* _Input data_
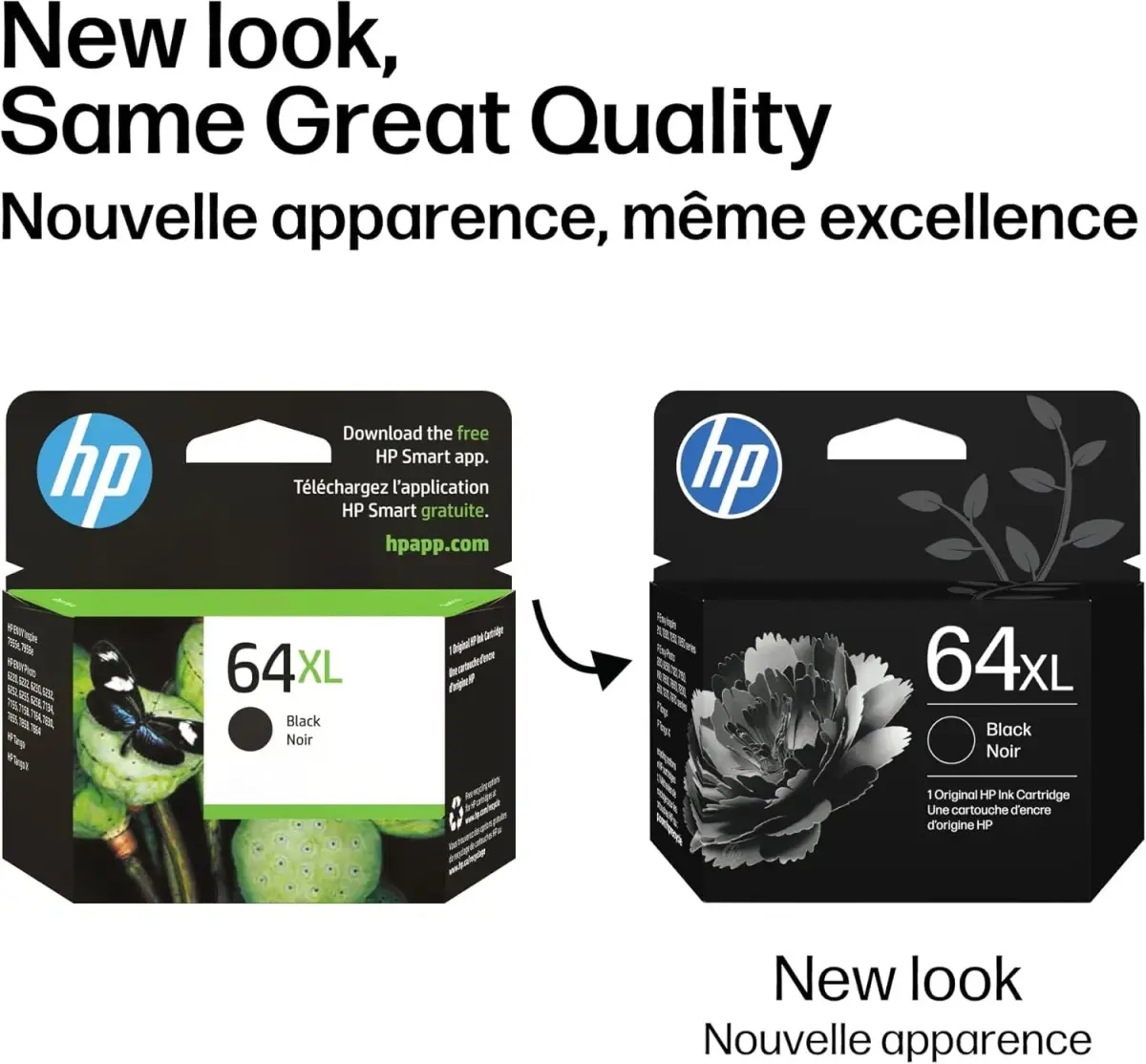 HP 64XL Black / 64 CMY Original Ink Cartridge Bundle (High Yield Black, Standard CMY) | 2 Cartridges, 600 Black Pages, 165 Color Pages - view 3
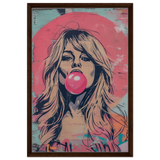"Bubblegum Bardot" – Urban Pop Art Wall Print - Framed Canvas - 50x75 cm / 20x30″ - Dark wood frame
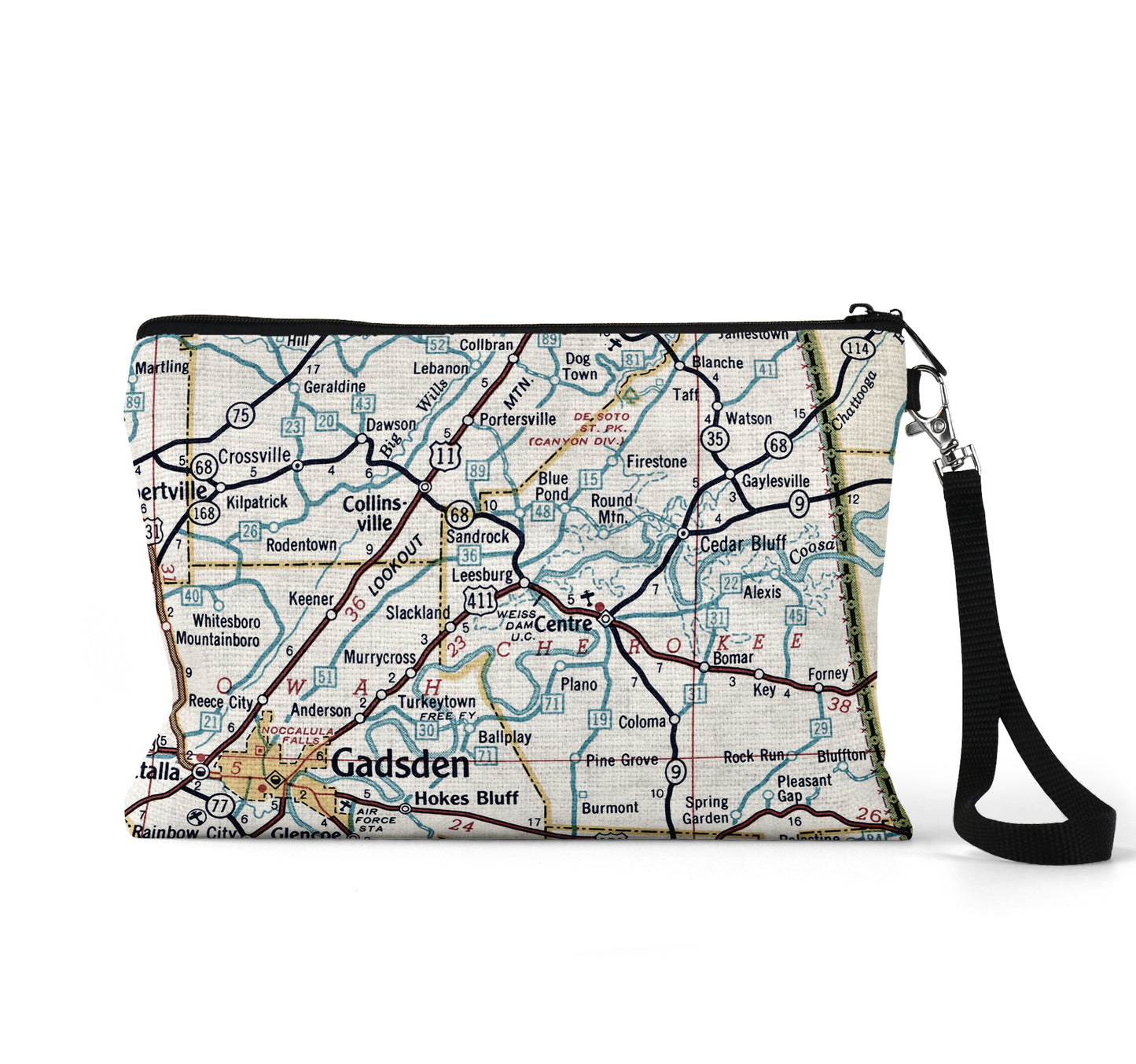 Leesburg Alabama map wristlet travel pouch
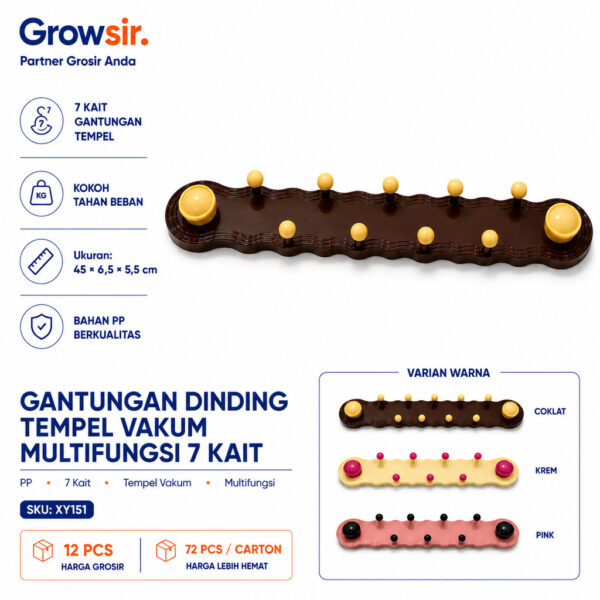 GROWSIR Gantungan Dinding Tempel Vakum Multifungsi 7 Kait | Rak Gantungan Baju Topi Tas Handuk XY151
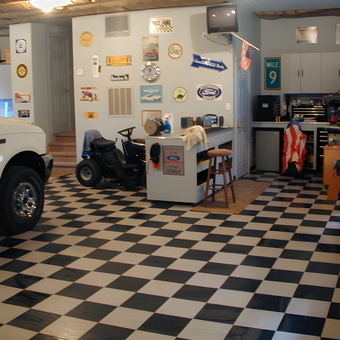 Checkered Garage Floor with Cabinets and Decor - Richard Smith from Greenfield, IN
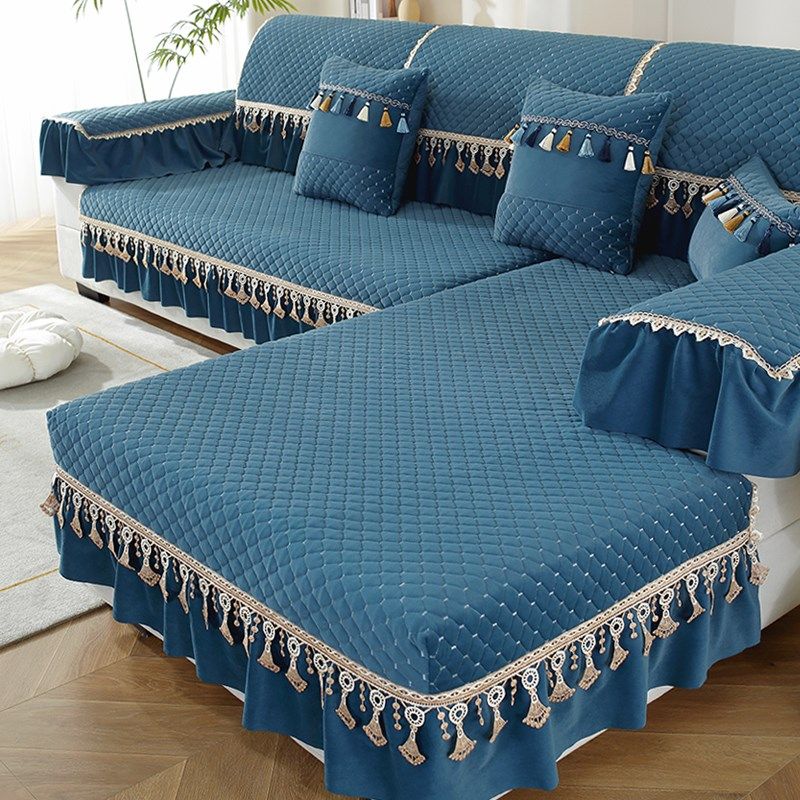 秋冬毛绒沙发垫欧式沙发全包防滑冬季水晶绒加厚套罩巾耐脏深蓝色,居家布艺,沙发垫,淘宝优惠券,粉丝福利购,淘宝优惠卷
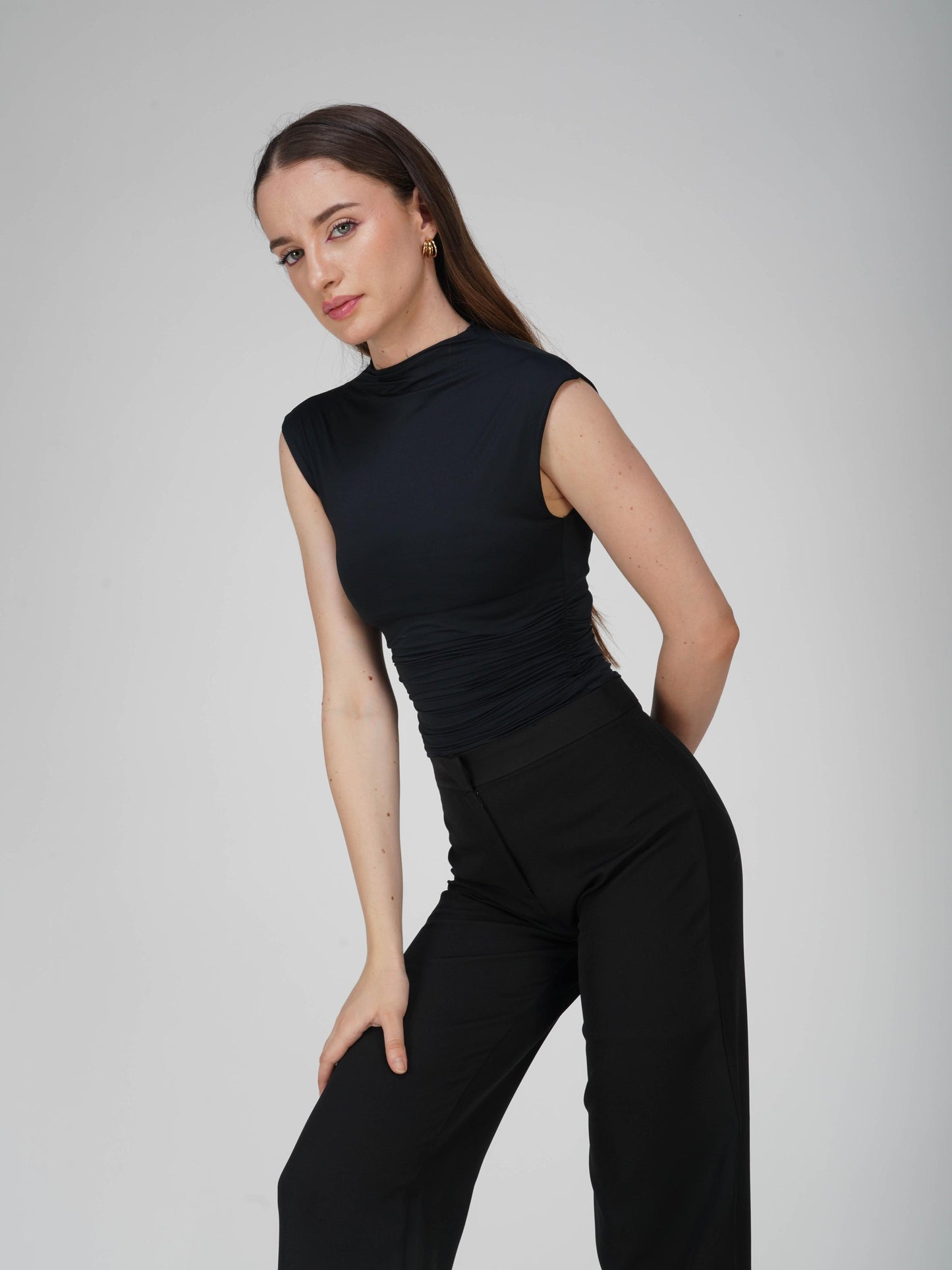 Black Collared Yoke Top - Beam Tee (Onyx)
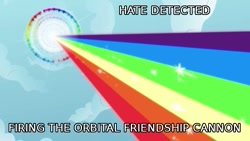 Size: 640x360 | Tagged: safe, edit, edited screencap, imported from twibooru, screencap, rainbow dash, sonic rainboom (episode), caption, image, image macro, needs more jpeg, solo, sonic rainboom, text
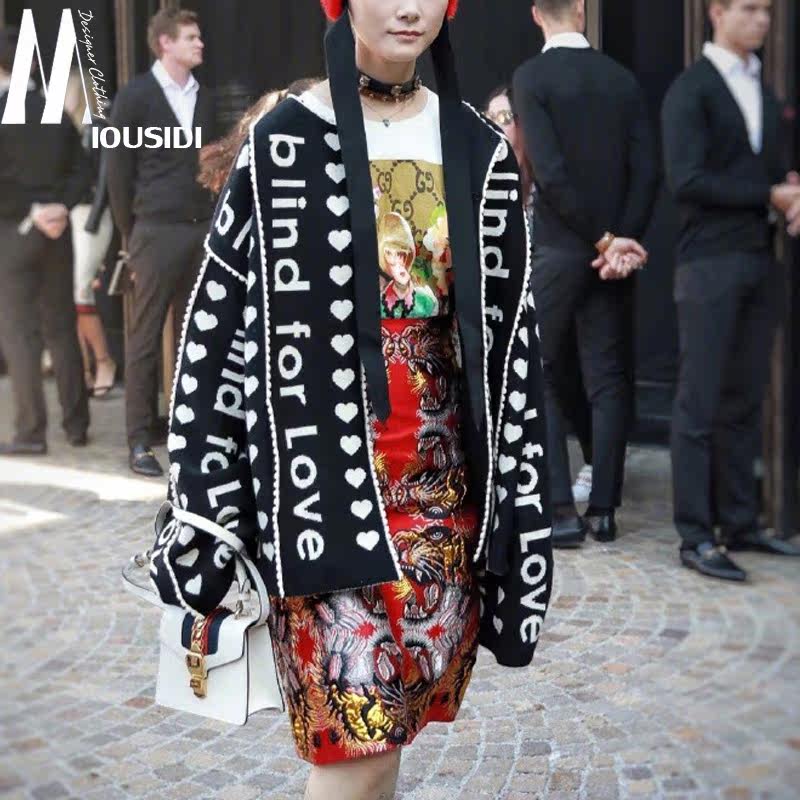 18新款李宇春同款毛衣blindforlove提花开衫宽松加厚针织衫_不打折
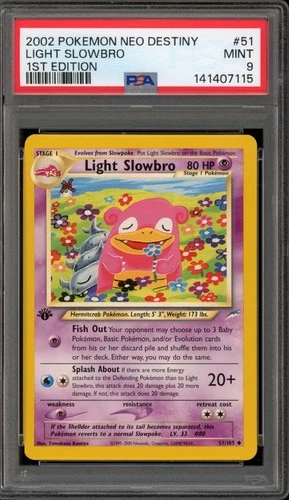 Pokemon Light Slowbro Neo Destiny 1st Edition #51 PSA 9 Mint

* _About this exercise_
Restate word for word the lines from the one holding "Black Collared Yoke Top - Beam Tee (Onyx)" down through the last line of the records above, and do not include the pictures.

* _Result of this exercise_
 Black Collared Yoke Top - Beam Tee (Onyx)
 Size: 640x360 | Tagged: safe, edit, edited screencap, imported from twibooru, screencap, rainbow dash, sonic rainboom (episode), caption, image, image macro, needs more jpeg, solo, sonic rainboom, text
 18新款李宇春同款毛衣blindforlove提花开衫宽松加厚针织衫_不打折
 Pokemon Light Slowbro Neo Destiny 1st Edition #51 PSA 9 Mint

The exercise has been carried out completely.